━━ Data under study

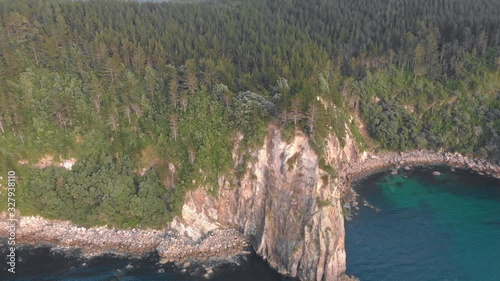 Aerial: Fly-over of a beautiful rocky coastline, New Zealand photo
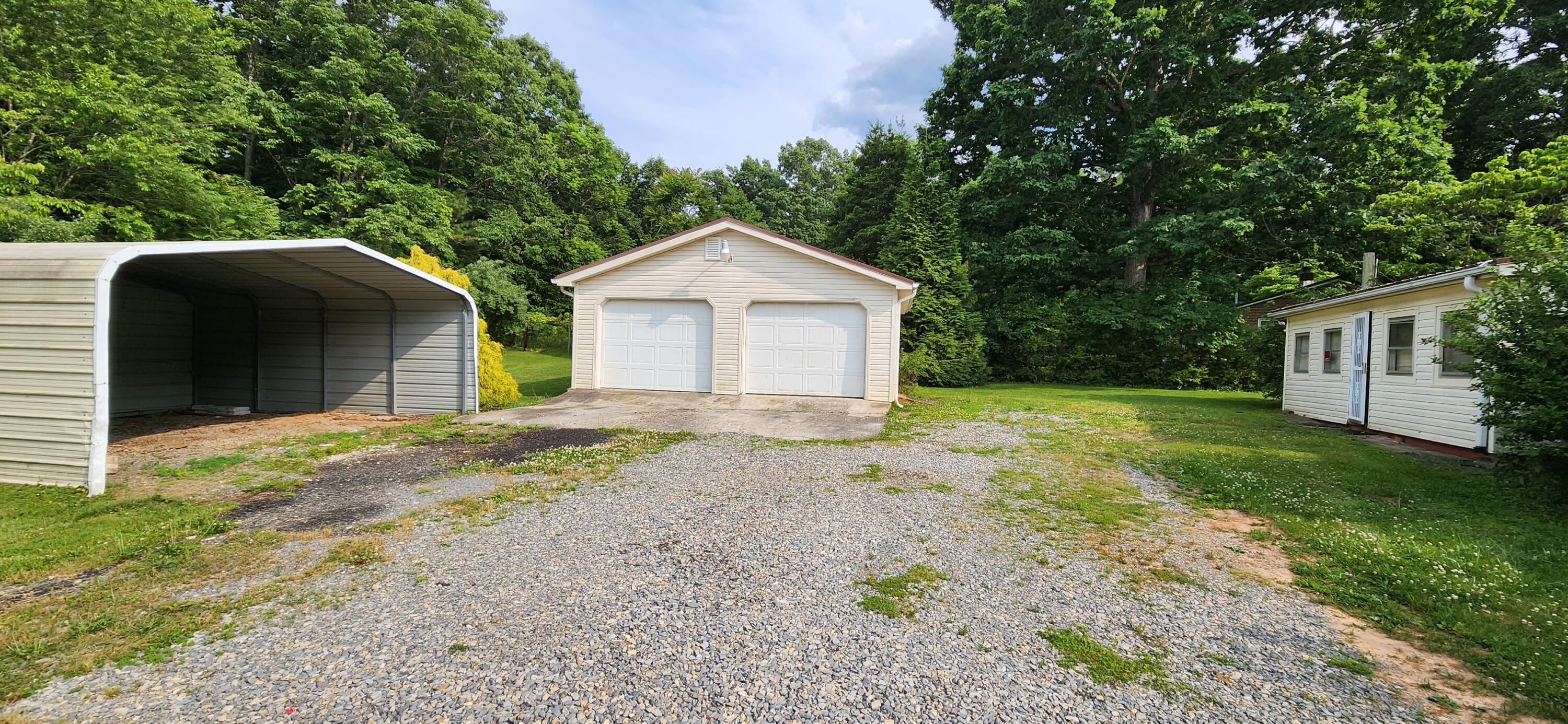 2805 Ruritan Road Rocky Mount, VA 24151 - Photo 19 of 24 a front view of a house with garden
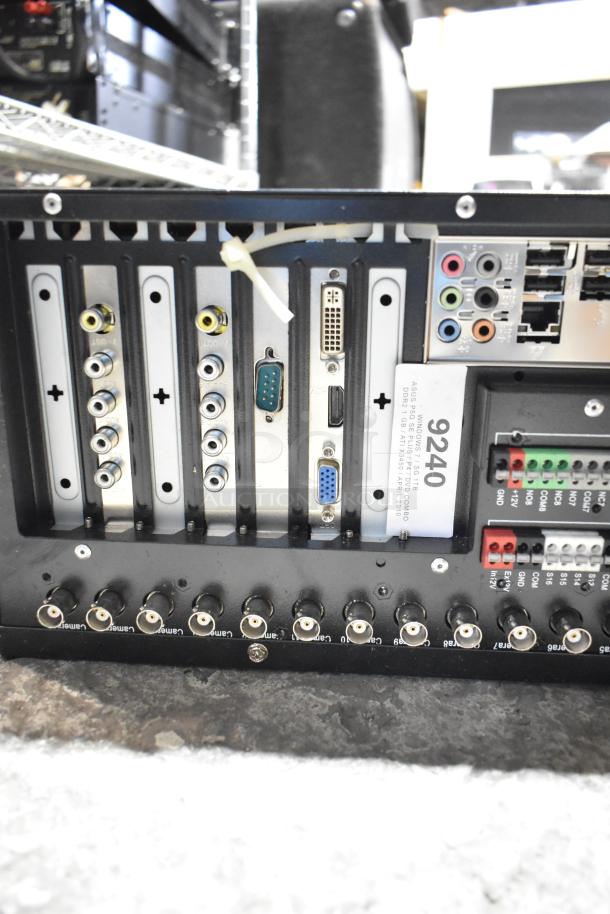 DVD playing unit and LG rack unit with various input/output ports. Includes visible label indicating specs: ASUS M4N68T-M V2.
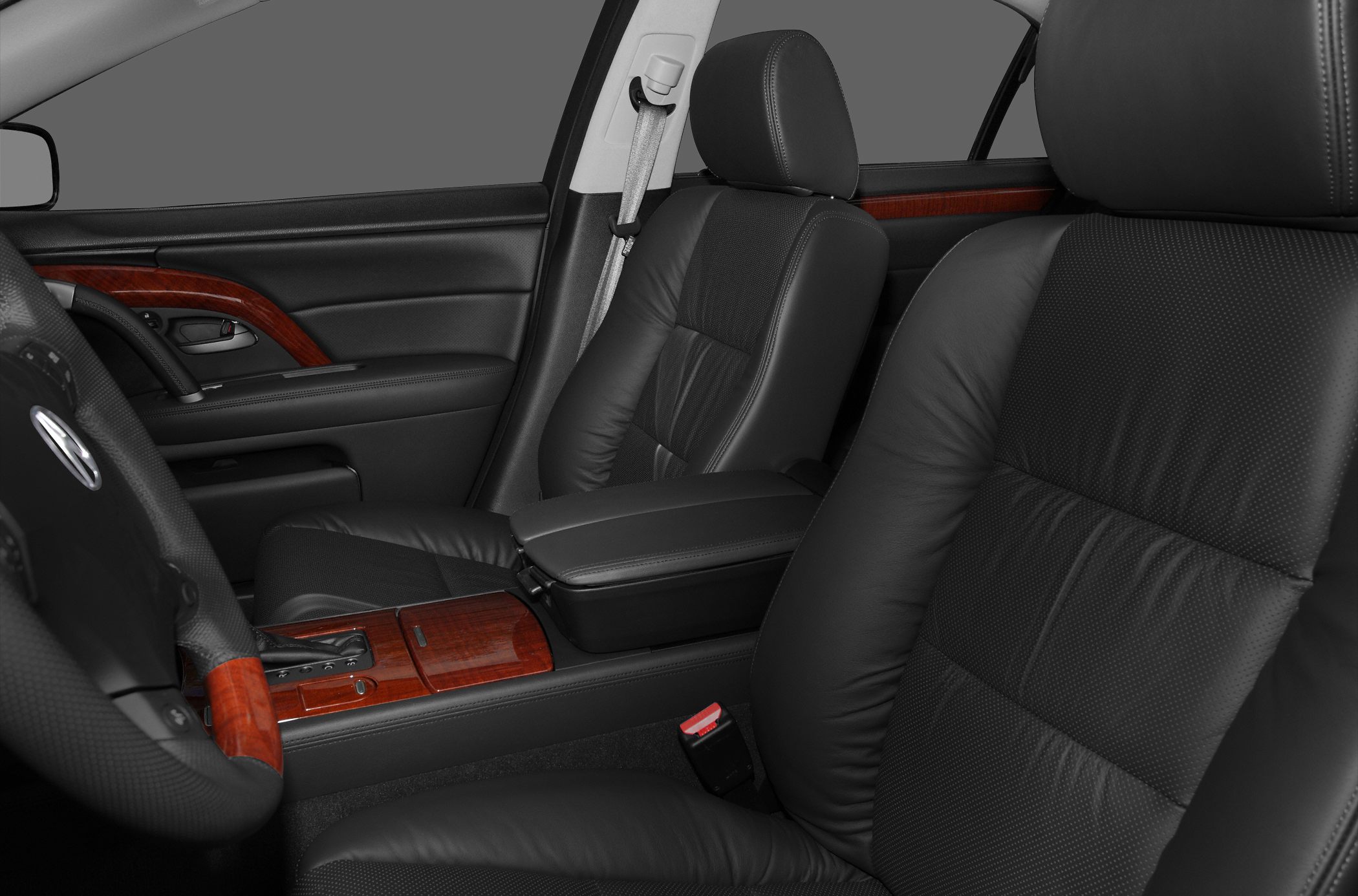 Black leather seats with wood trim and center console.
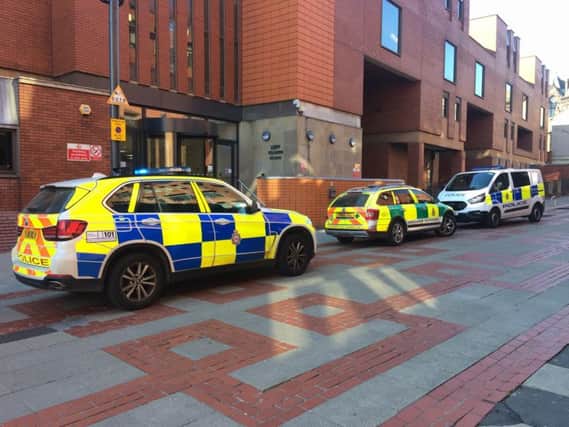 Police and paramedics outside Leeds Crown Court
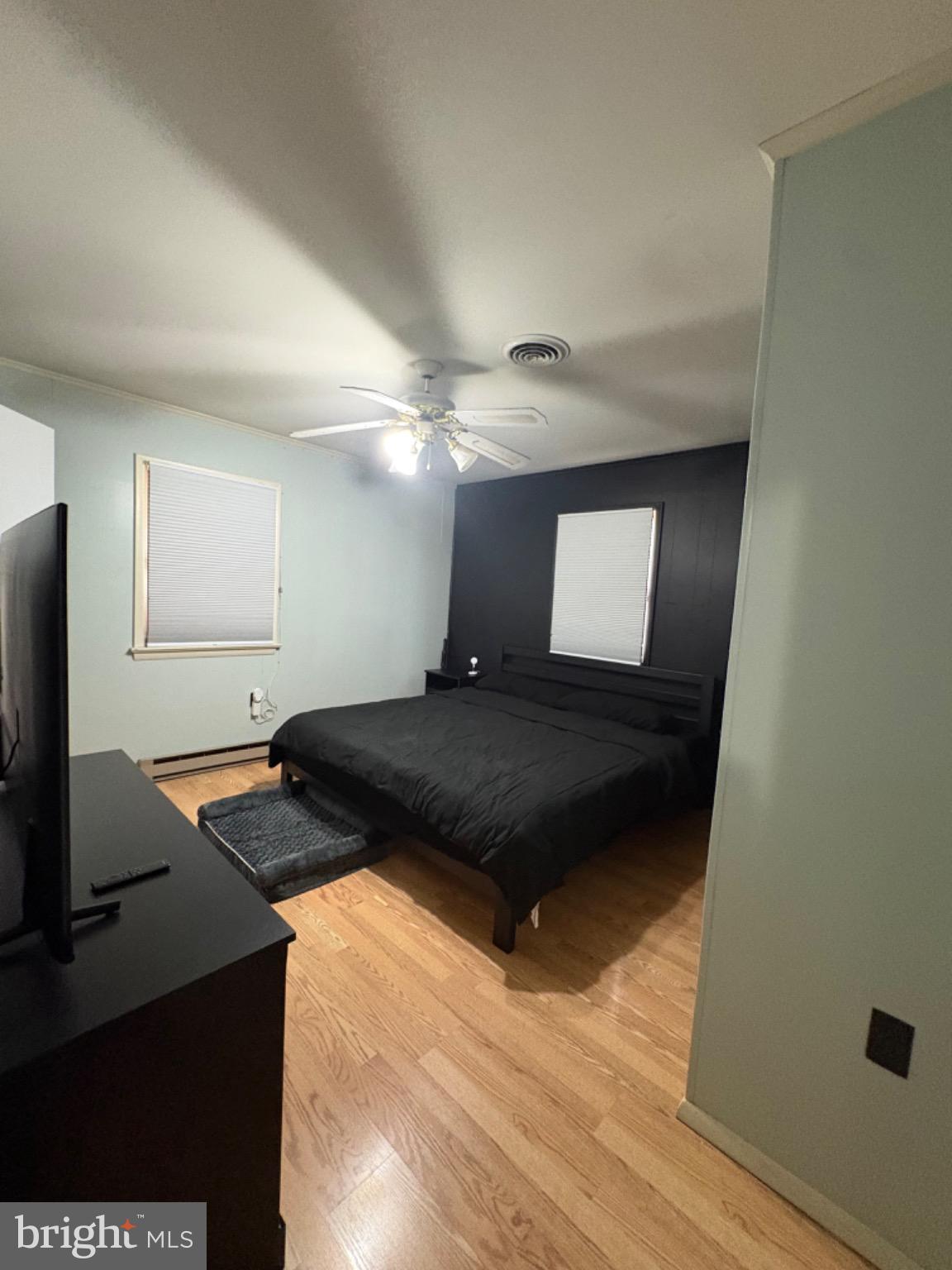 152 Pine Bluff Road Felton, DE 19943 - Photo 9 of 16 Modern bedroom with sleek design elements.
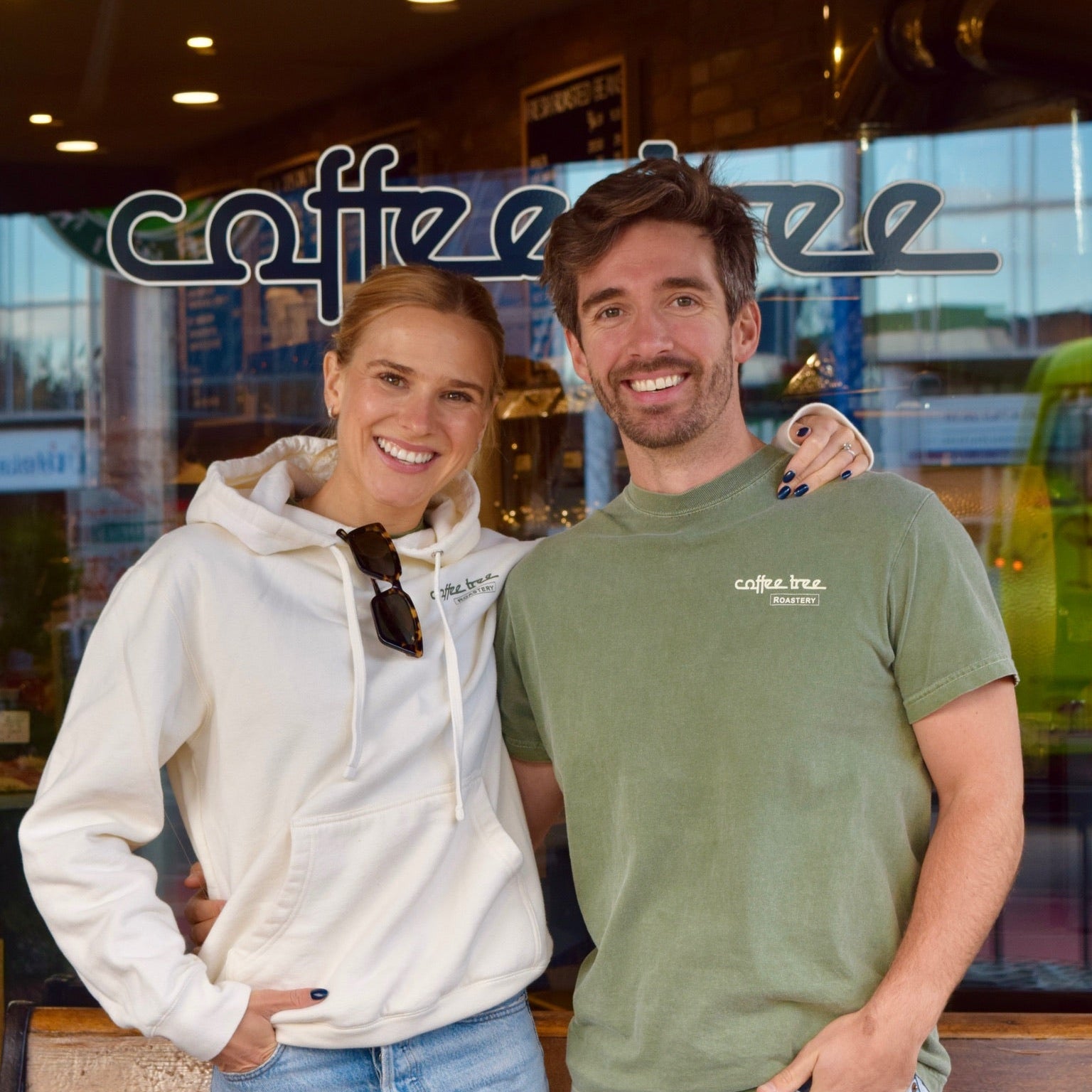 Two people standing in front of a coffee shop with 'coffee' branding.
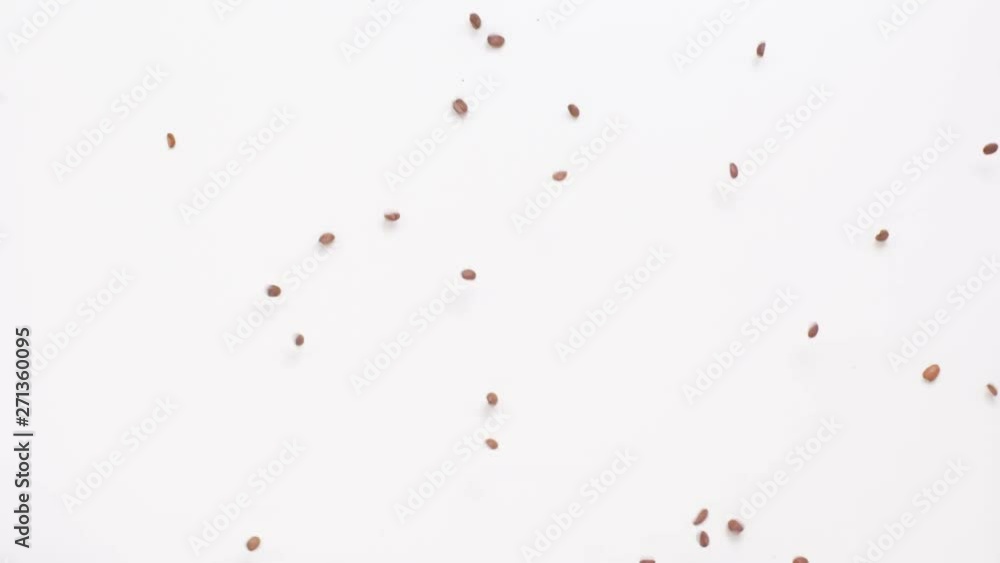 Slow motion shot looking down at coffee beans falling through the air and bouncing on the ground scattering in different directions. Slow motion shot looking down at coffee beans falling through the air and bouncing on the ground scattering in different directions.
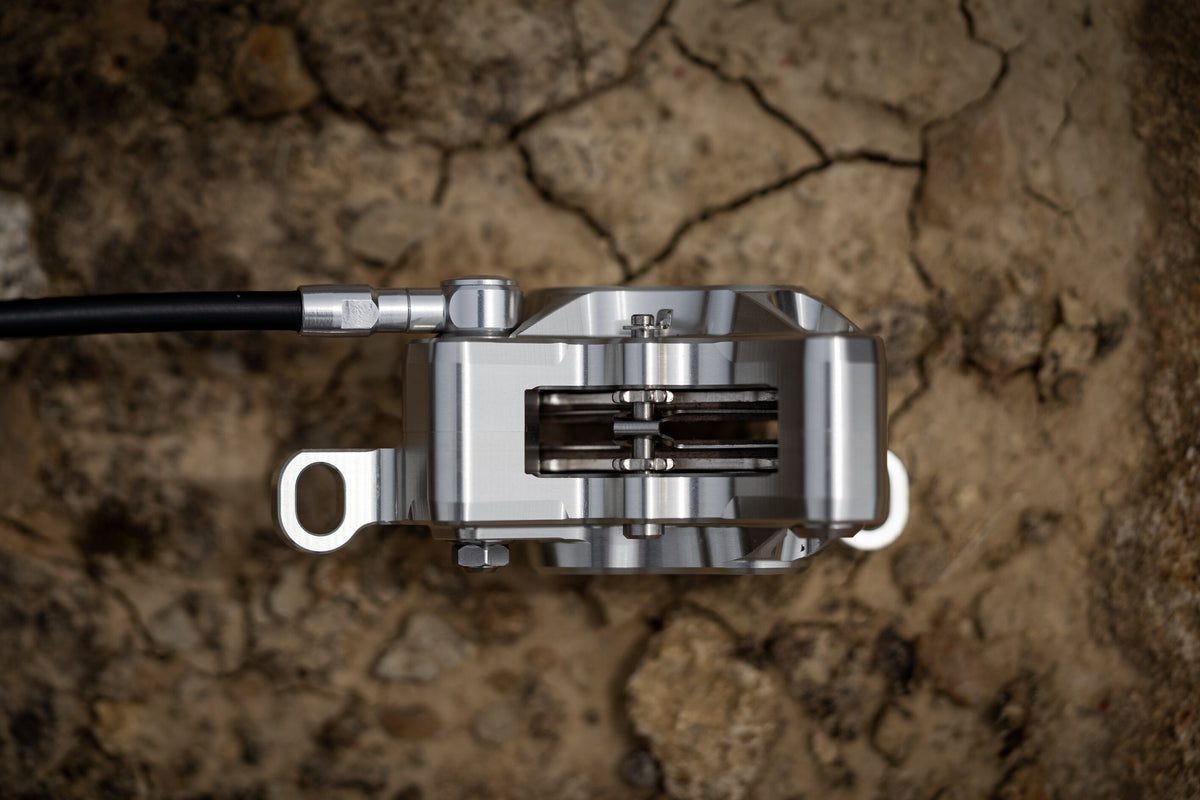 Top view of a silver Trickstuff C42 caliper showing the pad opening and retaining hardware.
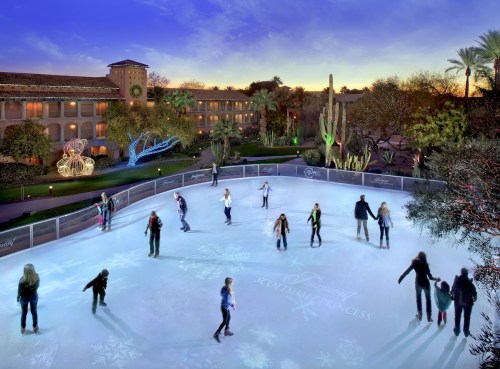 A festive outdoor ice skating rink with people skating, surrounded by palm trees and holiday decorations at sunset.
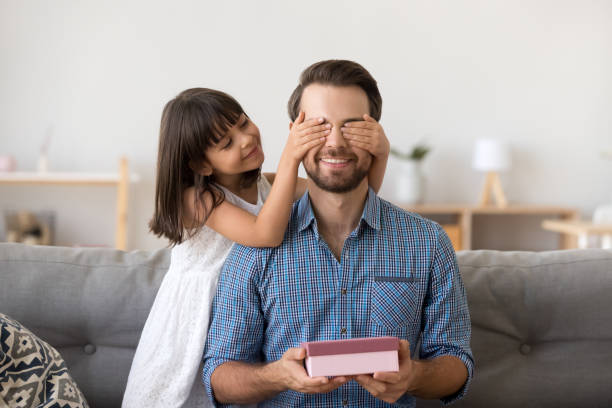 istock Cute kid daughter making surprise to dad receiving gift box 1090217590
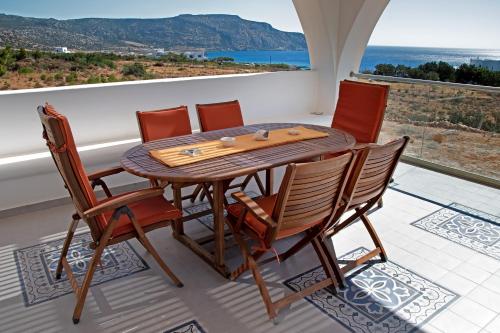 a wooden table and chairs on a balcony at Aelia Luxury Villa in Amoopi
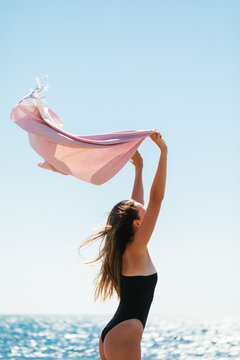 Woman holding towel above her head on the beach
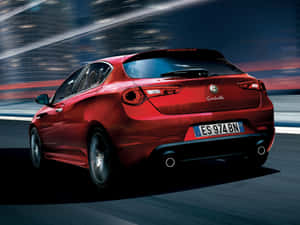 Sleek Alfa Romeo Giulietta Cruising The Streets Wallpaper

━━━━

_Instructions to follow_
An exact retyping of each record, with no pictures, is the answer required.

_The answer_
 Aerial: Fly-over of a beautiful rocky coastline, New Zealand photo
 2805 Ruritan Road Rocky Mount, VA 24151 - Photo 19 of 24 a front view of a house with garden
 DVD playing unit and LG rack unit with various input/output ports. Includes visible label indicating specs: ASUS M4N68T-M V2.
 Black leather seats with wood trim and center console.
 Police and paramedics outside Leeds Crown Court
 152 Pine Bluff Road Felton, DE 19943 - Photo 9 of 16 Modern bedroom with sleek design elements.
 Two people standing in front of a coffee shop with 'coffee' branding.
 Slow motion shot looking down at coffee beans falling through the air and bouncing on the ground scattering in different directions. Slow motion shot looking down at coffee beans falling through the air and bouncing on the ground scattering in different directions.
 Top view of a silver Trickstuff C42 caliper showing the pad opening and retaining hardware.
 A festive outdoor ice skating rink with people skating, surrounded by palm trees and holiday decorations at sunset.
 istock Cute kid daughter making surprise to dad receiving gift box 1090217590
 a wooden table and chairs on a balcony at Aelia Luxury Villa in Amoopi
 Woman holding towel above her head on the beach
 Sleek Alfa Romeo Giulietta Cruising The Streets Wallpaper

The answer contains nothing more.